__Study material__
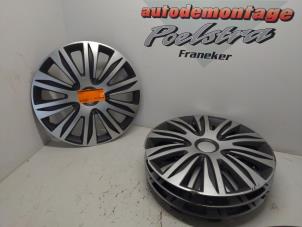 Used Wheel cover set Peugeot 307 1.6 HDi 90 16V Price € 20,00 Margin scheme offered by Autodemontage P. Poelstra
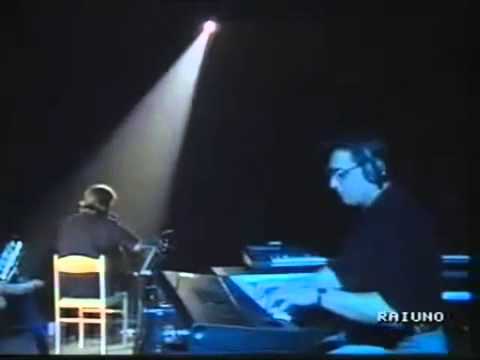 Fabrizio de Andre - Giugno '73 (live) con traduzione in russo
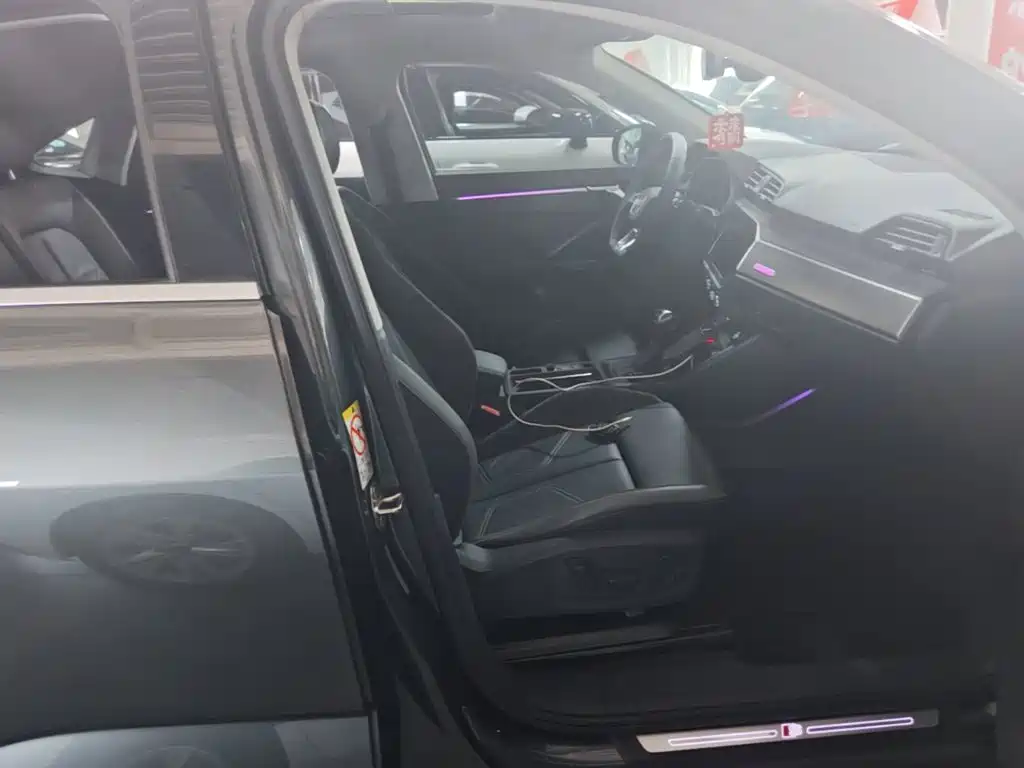 Audi Q3 Sportback — миниатюра 25
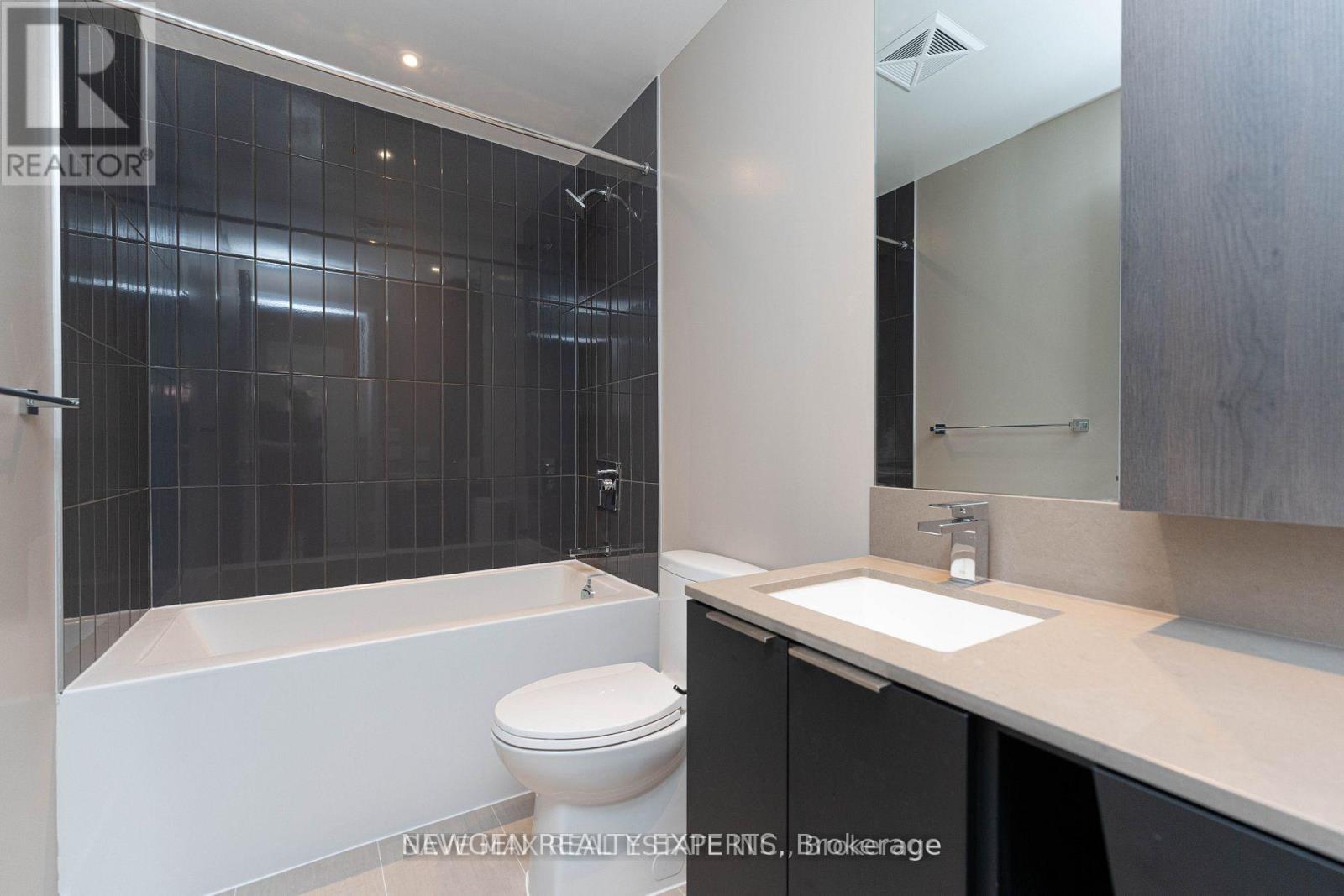 5204 - 3900 Confederation Parkway, Mississauga, Ontario  L5B 0M3 - Photo 16 - W13017318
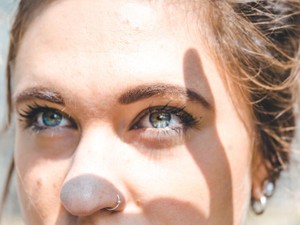 変わる顔が楽しくてハマったメイク。着飾らない私の顔も「いいかも」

__Action item__
Without the pictures, extract every entry verbatim.

__Your solution__
 Used Wheel cover set Peugeot 307 1.6 HDi 90 16V Price € 20,00 Margin scheme offered by Autodemontage P. Poelstra
 Fabrizio de Andre - Giugno '73 (live) con traduzione in russo
 Audi Q3 Sportback — миниатюра 25
 5204 - 3900 Confederation Parkway, Mississauga, Ontario  L5B 0M3 - Photo 16 - W13017318
 変わる顔が楽しくてハマったメイク。着飾らない私の顔も「いいかも」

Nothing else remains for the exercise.